Admiralty Charts: good design in the analogue age

UK hydrographic charts published by the British Admiralty in the early twentieth century are notable for the high density of information compressed within their two dimensions, and for the harmonious blend of registers and visual perspectives they incorporate in the pursuit of clarity. Whilst documenting local visual navigation techniques handed down over the centuries, charts from this period also feature networks of lights, beacons and buoys more recently installed around the coastlines of the British Isles.

This example, first surveyed and published through the Hydrographic Office in 1847, shows the bays of Long Island and Baltimore in West Cork, Ireland with information updated to 1909.

Admiralty Chart of Long Island and Baltimore Bays, Ireland

Detail of Admiralty Chart 2129, Long Island and Baltimore Bays, Ireland, 1909. BL Maps SEC.1.(2129.)

As the seabed rises towards land, the approaching navigator is assisted by depth soundings, and abbreviations that tell the composition of the seabed at each point – sand, shells, gravel... The original measurements were taken with a sounding line marked along its length in fathom intervals, that was dropped over the side of the survey vessel. The lead plummet at its end was covered with sticky pitch or tallow that brought up a sample of the sea floor beneath.

Some of these data points cluster around and almost interfere with the map title. Navigators would use these measurements to inform the plotting of their routes and, by dropping their own sounding lines, would attempt to pinpoint their location.

Admiralty Chart of Long Island and Baltimore Bays, Ireland

Along the bottom edge of the sheet, a sketch testifies to a tradition of visual navigation techniques that have persisted even through the introduction of electronic aids later in the century. ‘View A’ provides a perspective in silhouette of the entrance to Skull Harbour, and demonstrates how Cosheen Crag in the foreground should be lined up with Barnacleeve Gap on the horizon in order to avoid rocks at Castle Ground on the way in. This horizontal view nestles on the page between the scale bar and a compass rose, while further soundings caught in-between call for a vertical viewpoint.

Admiralty Chart of Long Island and Baltimore Bays, Ireland

The correct angle of approach to Skull Harbour is also marked with a line across the chart. A number of other sightlines bisect the chart at various points, guiding seafarers past areas of danger.

Admiralty Chart of Long Island and Baltimore Bays, Ireland

More recent networks of buoys, beacons and lights also appear - in an update to earlier editions a light has been added at the western entrance to Baltimore Harbour.

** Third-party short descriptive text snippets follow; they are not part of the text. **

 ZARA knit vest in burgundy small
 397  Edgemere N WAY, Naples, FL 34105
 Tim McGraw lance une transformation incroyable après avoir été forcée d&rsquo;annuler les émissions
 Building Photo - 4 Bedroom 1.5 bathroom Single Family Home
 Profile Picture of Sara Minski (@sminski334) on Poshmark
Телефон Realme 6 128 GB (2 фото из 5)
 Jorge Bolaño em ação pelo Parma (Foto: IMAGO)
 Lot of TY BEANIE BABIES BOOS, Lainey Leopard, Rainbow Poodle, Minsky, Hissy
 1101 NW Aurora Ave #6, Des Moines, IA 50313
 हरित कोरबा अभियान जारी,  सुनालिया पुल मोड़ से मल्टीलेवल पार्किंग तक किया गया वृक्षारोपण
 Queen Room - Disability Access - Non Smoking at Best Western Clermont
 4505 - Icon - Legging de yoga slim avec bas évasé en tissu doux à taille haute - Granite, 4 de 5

The chart indicates a wide arc facing southwards and out to sea from which the light appears white, and the crossover point upon entering the harbour from which the same light shows red.

Admiralty Chart of Long Island and Baltimore Bays, Ireland

For a distance inland, just enough of the topography - relief, landmarks, buildings and communications - is provided that might be of use to a vessel and her crew, before the detail gradually rubs to a blank on the chart.

The visual attraction of these sheets lay in the skill of the production draughtsmen whose finished drawings were transferred to copperplate for printing. From the late 1960s a programme of modernisation was introduced to update Admiralty Charts with metric units, simplified lettering and colour washes – a palette of blues for different water depths, and buff for the land – a style that persists to this day.